**Supplied information**.
╭──

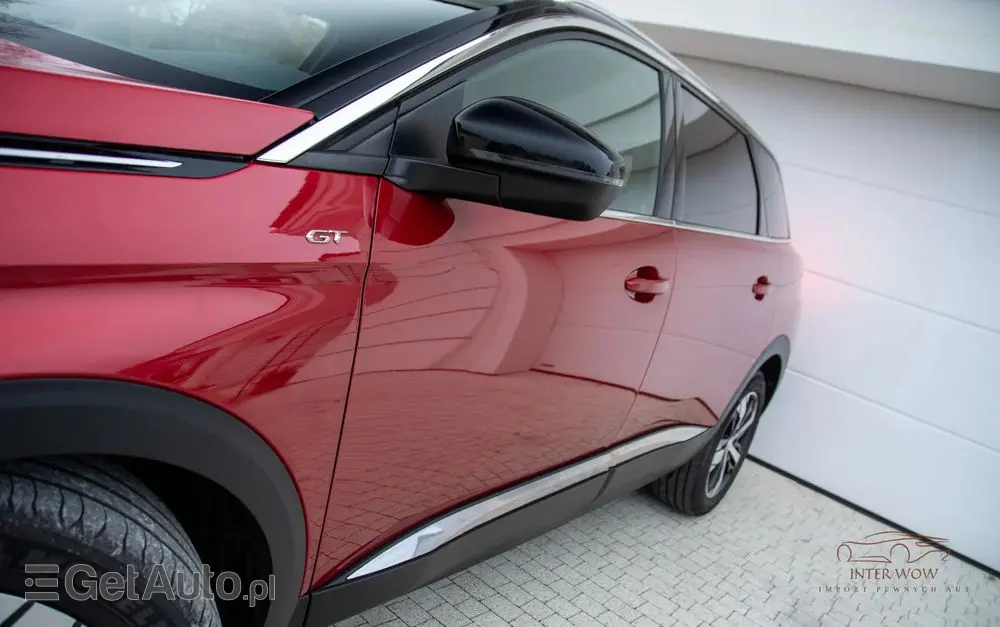 PEUGEOT 5008 1.6 PureTech GT Pack S&S EAT8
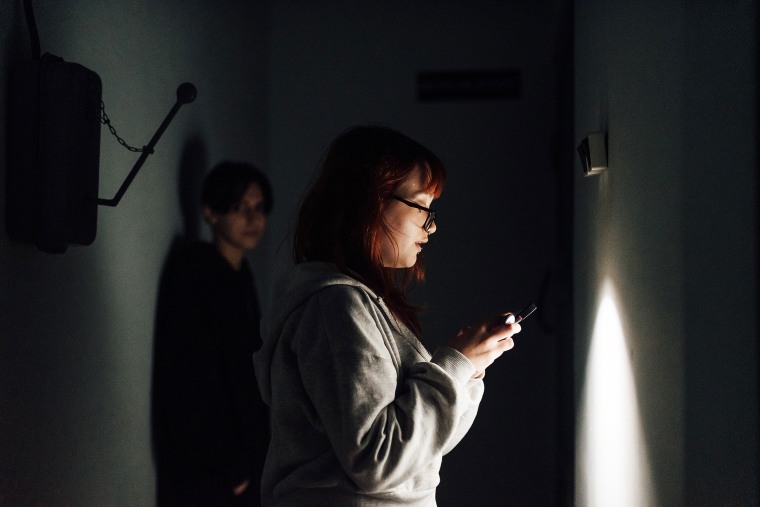 In Ukraine, escape rooms continue to attract customers despite the disruptions brought by war.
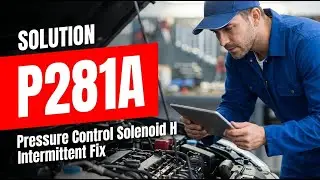КАК ИСПРАВИТЬ КОД ОШИБКИ P00BD OBD II - Ошибка, связанная с высоким расходом воздуха датчика MAF.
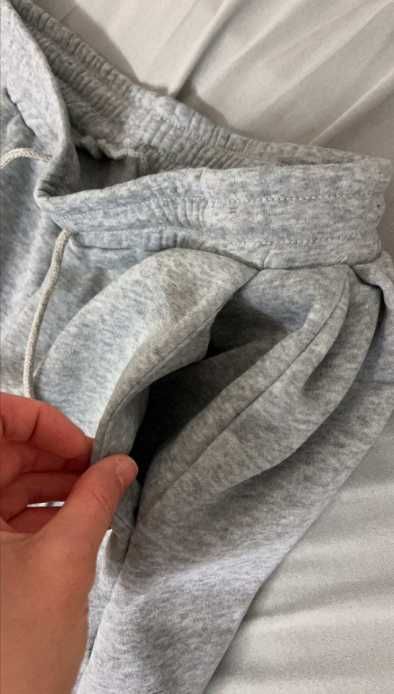 Sweat Pants baggy in grey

╰──

**Exercise prompt**.
Retype, word for word, the line containing "КАК ИСПРАВИТЬ КОД" and each line after it through the end of the data, leaving any picture out.

**Written solution**.
КАК ИСПРАВИТЬ КОД ОШИБКИ P00BD OBD II - Ошибка, связанная с высоким расходом воздуха датчика MAF.
 Sweat Pants baggy in grey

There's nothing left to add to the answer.